Tenir bon, tenir tête

Ce texte est pour moi, une nécessité de témoigner. Rien de bien nouveau et pas de leçons en adresse. Je choisis de poser ce texte pour ré-affirmer mon engagement, tout en espérant un élan collectif des artistes et compagnies ; et ainsi faire pression sur les politiques culturelles.

Au sein de la compagnie Éponyme, je mène une réflexion sur les temps de production et diffusion, le développement et la durabilité des projets, dans une approche cohérente avec les évolutions sociétales contemporaines. Je ressens la nécessité de mettre à l’oeuvre les questions de représentativités de la danse et d’examiner la pertinence de la sur-production des créations. Avec mon équipe, je souhaite travailler en privilégiant le temps long des créations en les accompagnant d’actions culturelles singulières. 

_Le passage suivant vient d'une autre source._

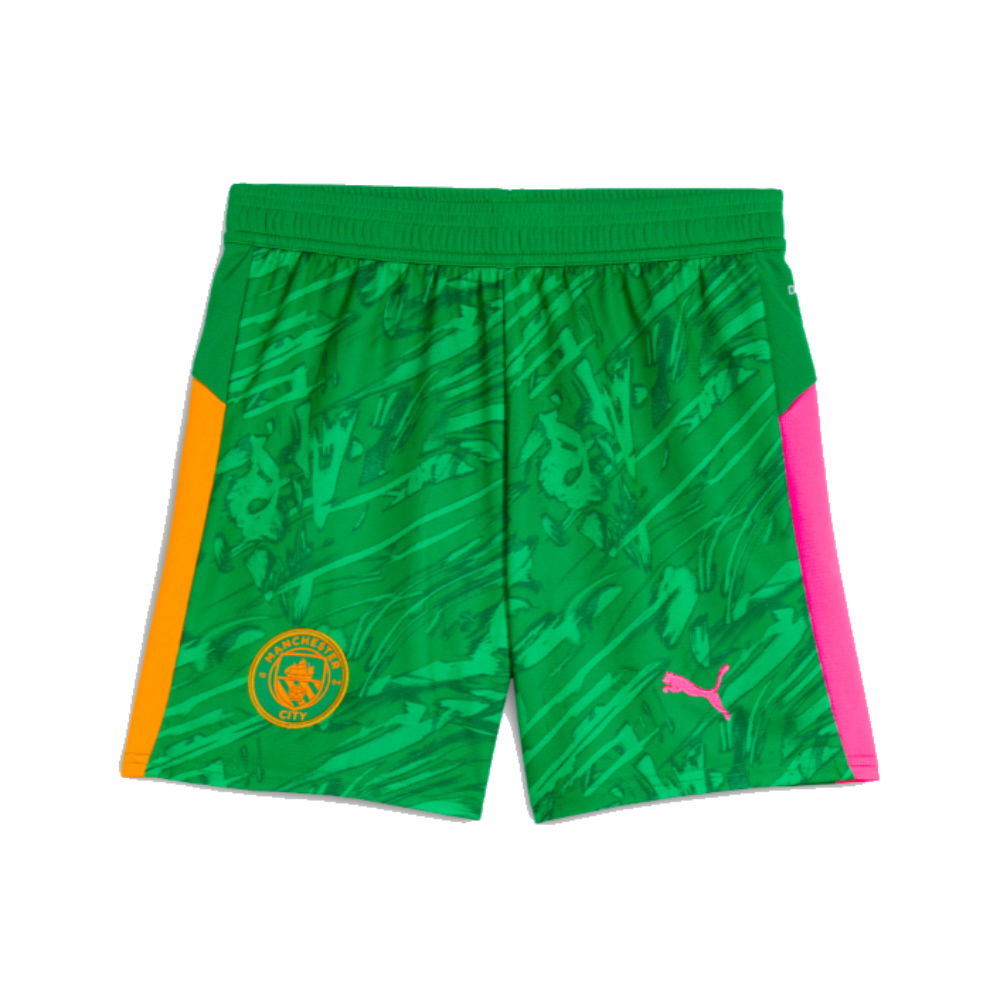 2025-2026 Man City Goalkeeper Away Shorts (Green) - Kids
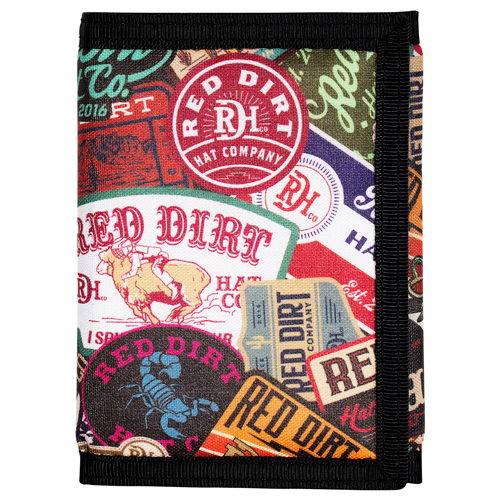 RED DIRT HAT CO MENS TRIFOLD WALLET POLYESTER CANVAS W/VELCRO AND PATCH SMASH PRINT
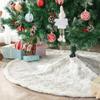 Atiming White Plush Christmas Tree Skirt - 90cm Snow Fur Mat with Silver Sequin Snowflake Xmas Tree Skirt Base Cover for Christmas & New Year Decorations (White, 35inches) view 1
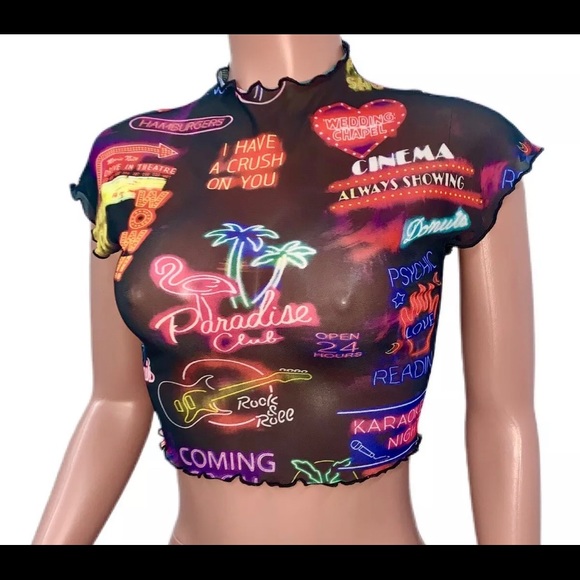 Y2K Sheer Mesh Hollywood Las Vegas Neon Sign Rave Paradise Club Crop Top New - Picture 2 of 4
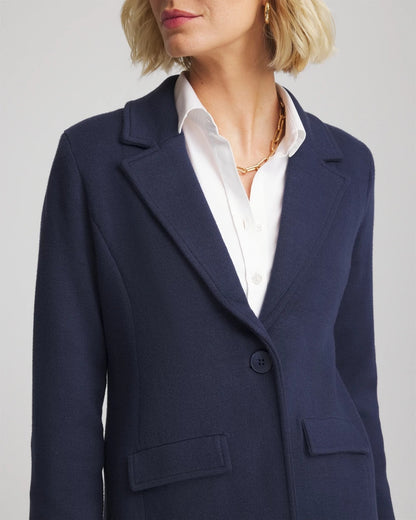 Chico's Women | Single-Breasted Sweater Blazer PASSPORT BLUE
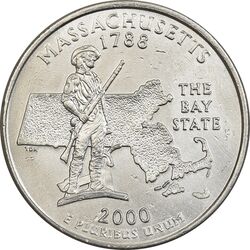 سکه کوارتر دلار 2000P ایالتی (ماساچوست) - AU - آمریکا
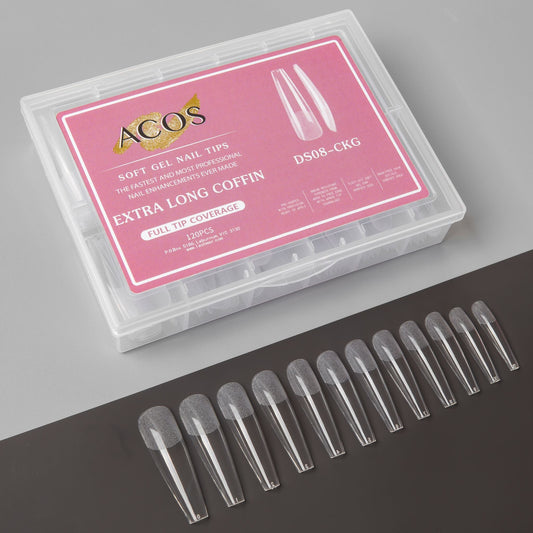 ACOS Soft Gel Nail Tips (Full Cover) - Extra Long Coffin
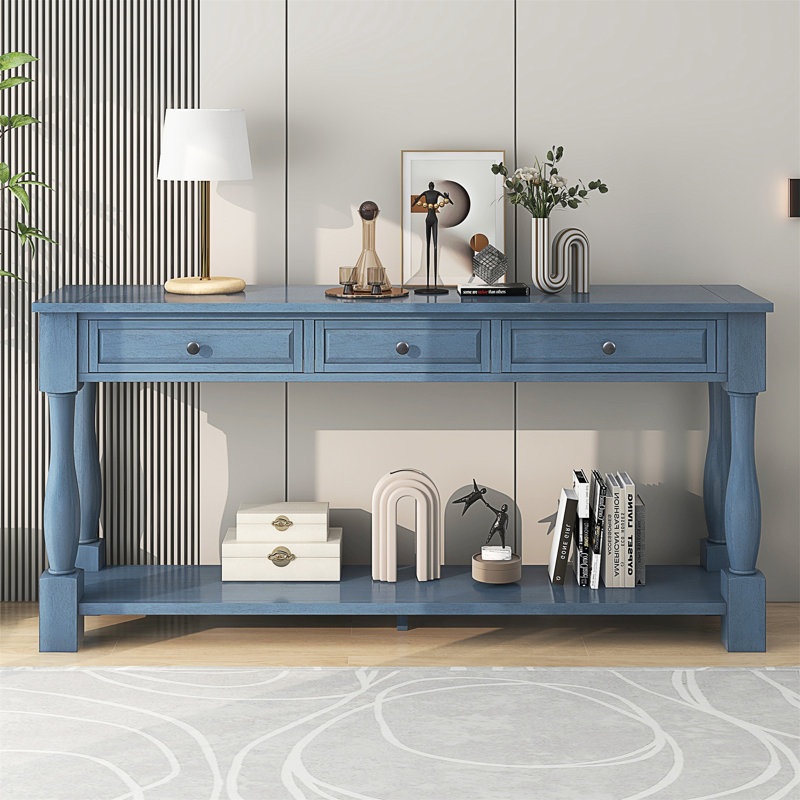 Aiyonna 63" Console Table,Entryway Table,Sofa Table with 3 functional drawers and a bottom shelf, Navy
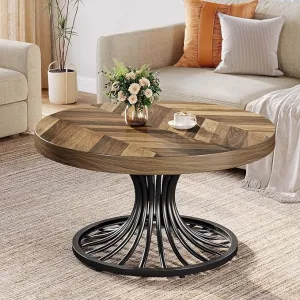 31.5" Coffee Table, Wooden Accent Center Table with Stylish Pedestal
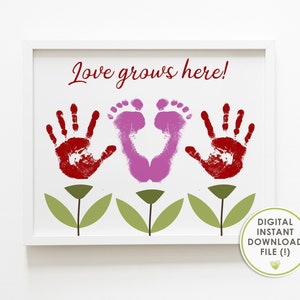 handprint art grandparents, valentines day handprint craft activity, love grows here, gifts for grandparents from grandkids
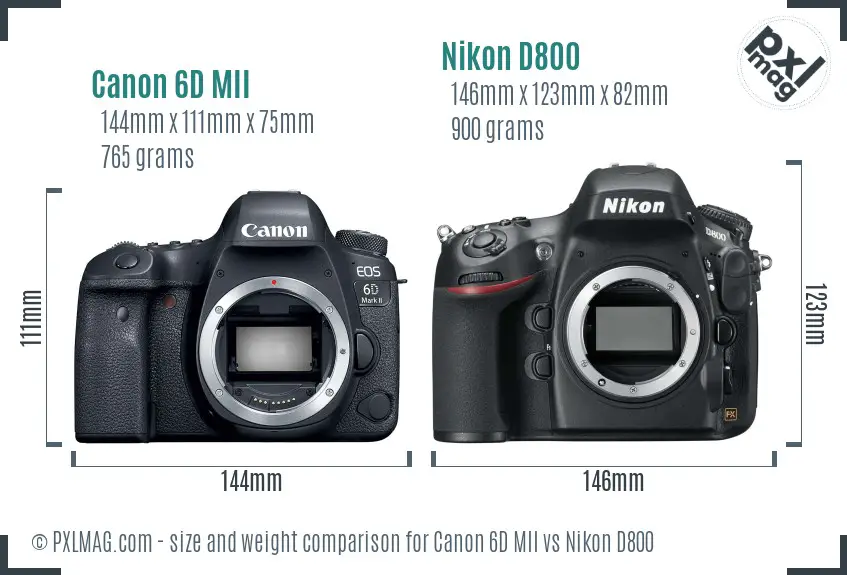 Canon 6D MII vs Nikon D800 size comparison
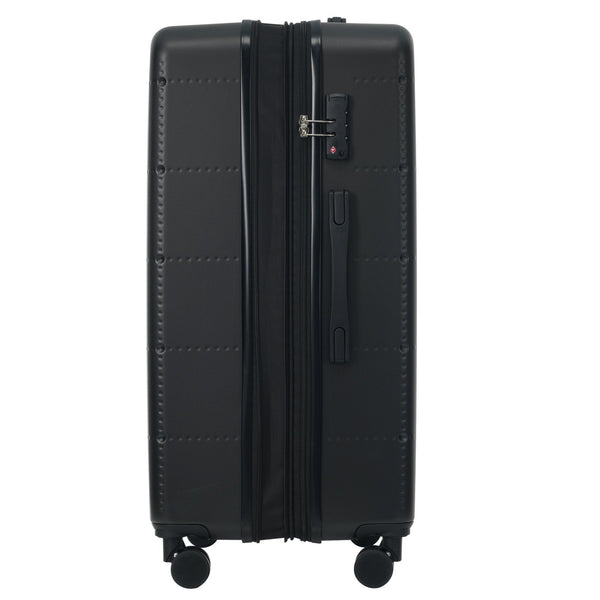 English Elm Luggage 5 Piece Hardside Abs Set with Front Access Carry on and Tsa Spinner Wheels Black N732P391557B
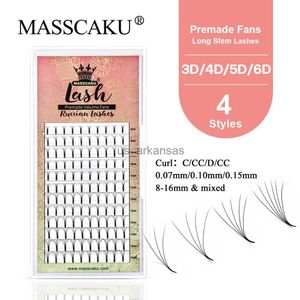 Fne Fne Eyelashes Masscaku 3D/4D/5D/6D Long STEM Fans Made Volumen ruso 8-15Mix ventiladores prefabricados Embalaje personalizado Falsos pestañas individuales HKD230817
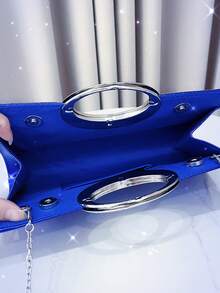 新款闪亮手拿包、小方形手提包、晚装包、镶满水钻的婚礼手拿包、单肩包 - 寶藍色 - 查看 12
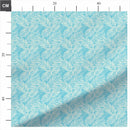 Palm Leaves on Blue 100% Cotton Fabric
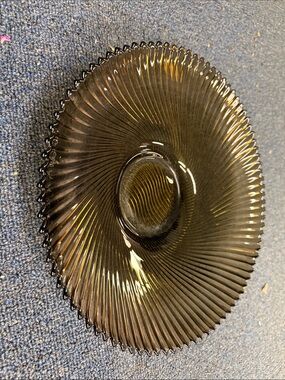 Amber Radiant Ribbed Glass Serving Bowl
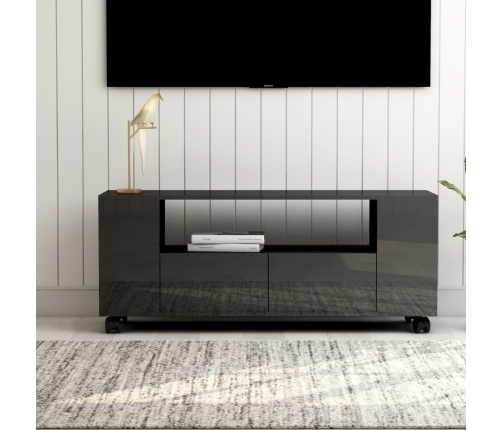 Mueble de TV madera contrachapada gris brillante 120x35x48 cm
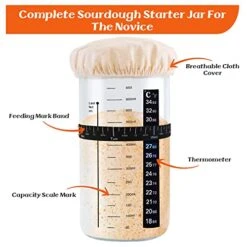 Sourdough Starter Jar With Thermometer Strip, Silicone Scraper, Cloth Cover And Aluminum Lid, 24 Oz Sourdough Starter Kit For Sourdough Bread Baking - Starter Not Included -Peugeot Shop 51SDA8MEgbL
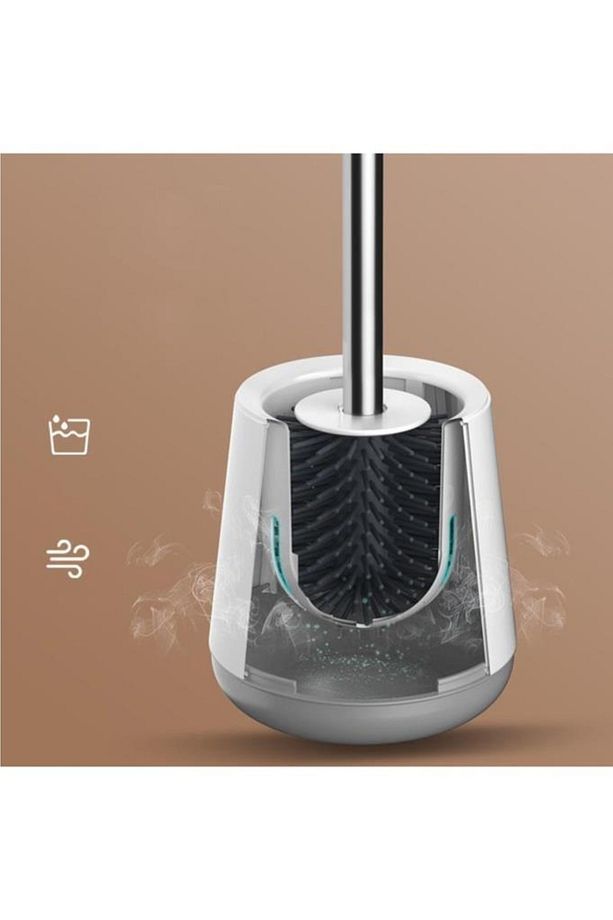 Duvara Monte Değildir. Silikon Wc Banyo Klozet Temizleme Fırçası, Tuvalet Fırçalık - 4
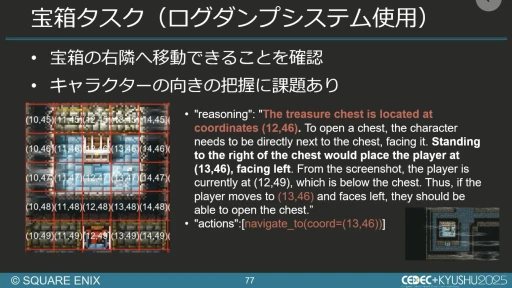 画像ギャラリー No.061のサムネイル画像 / 生成AIを活用したQA工数削減の試み。スクエニと東大・松尾研究室の共同研究を紹介するセッションをレポート［CEDEC+KYUSHU 2025］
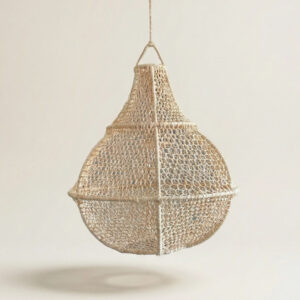 Suspension poire en raphia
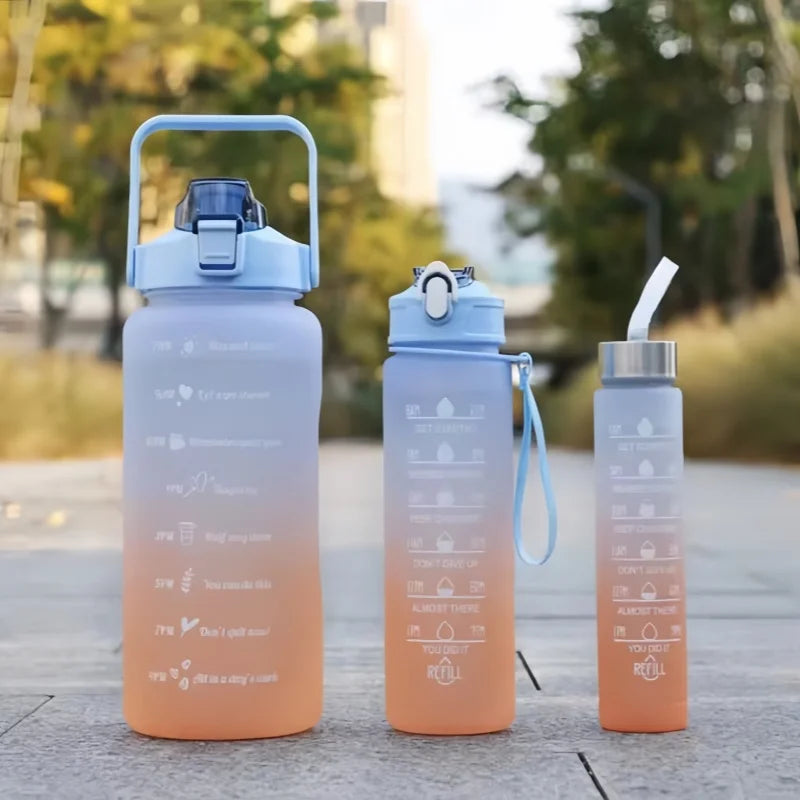 3-Piece Motivational Water Bottle Set with Time Marker and Straw - 9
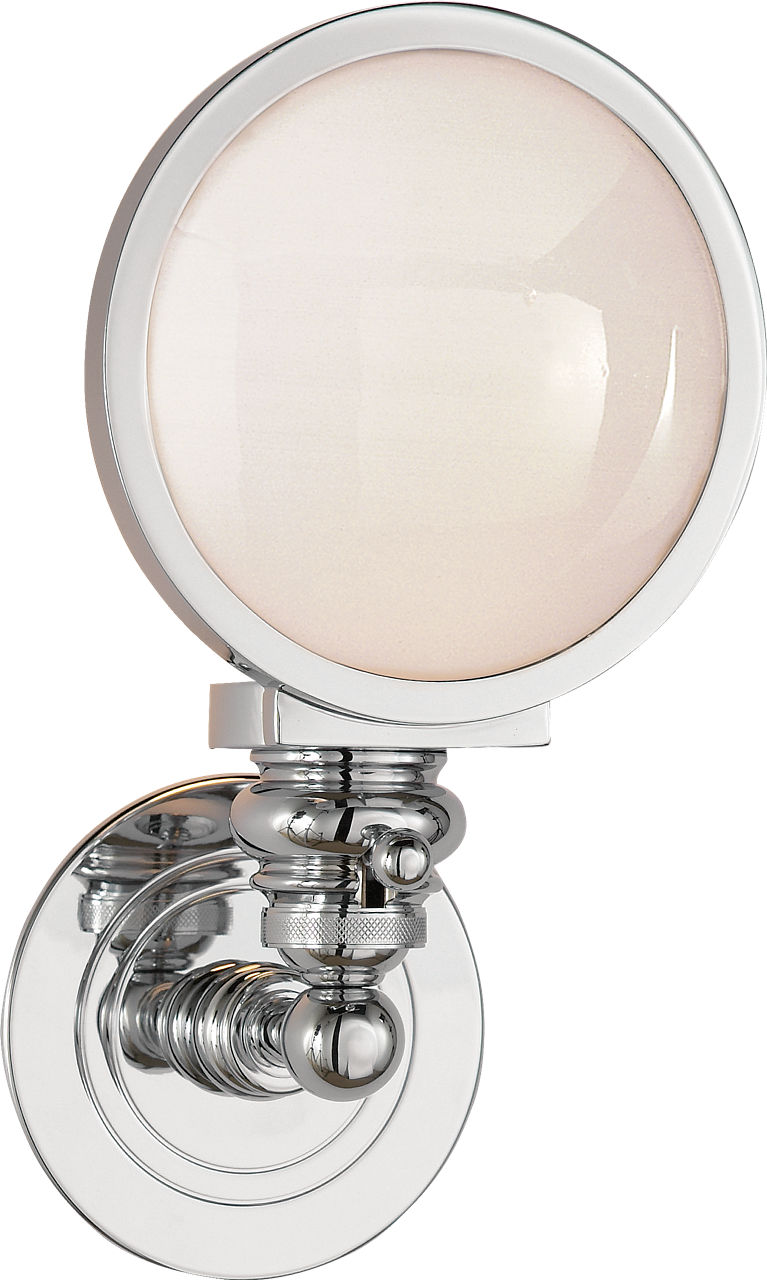 Boston Head Light Sconce in Chrome with White Glass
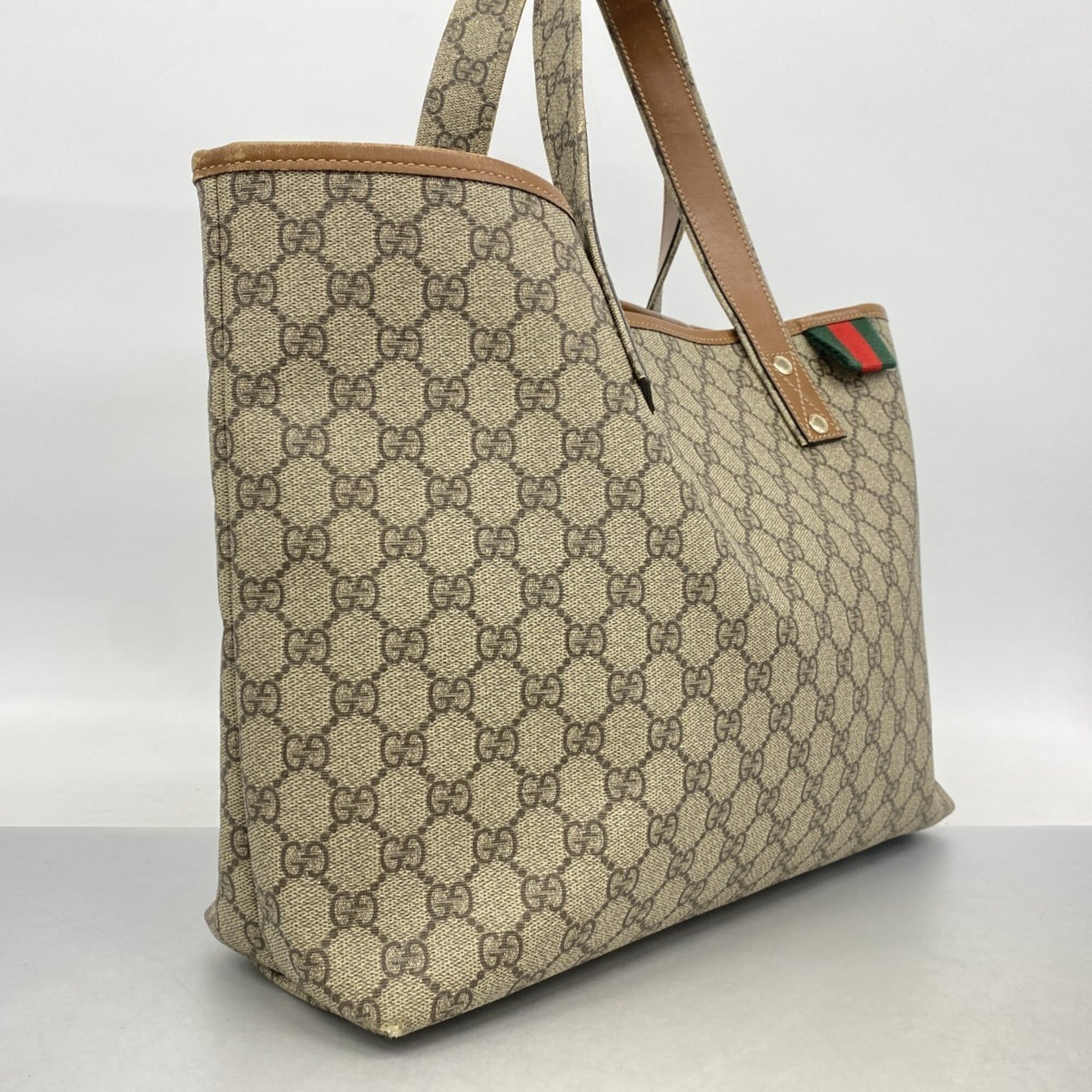 Gucci Beige Brown Pvc Tote Bag (Pre-Owned)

Ici et ailleurs, je prends part à plusieurs initiatives relatives à la danse. Après mon implication à l’échelle nationale dans “Edition Spéciale” au CND – Pantin, je participe à un nouveau collectif créé en région Centre Val de Loire avec les compagnies et les deux CCN de la région. De plus, j’ai initié un collectif de chorégraphes à l’échelle du département de l’Aveyron en Occitanie. 

Le constat est en tout lieu, le même.

La danse souffre d’aides à la création restreintes et elle n’est pas assez diffusée. Si la problématique générale n’est pas une spécificité de la danse, elle est aggravée notamment du fait que sa très faible diffusion contribue à une forme de méconnaissance et à un manque de culture chorégraphique. De plus, les financements croisés dont nous bénéficions sont trop souvent axés sur le versant production de nos activités, et non sur le développement, la recherche, la diffusion ou la présence artistique sur un territoire, entres autres. 

Lorsque est valorisée principalement la création, quelle place est donnée aux reprises, au soutien aux compagnies, au travail de territoire, aux résidences d’écritures et de recherches, aux temps longs ?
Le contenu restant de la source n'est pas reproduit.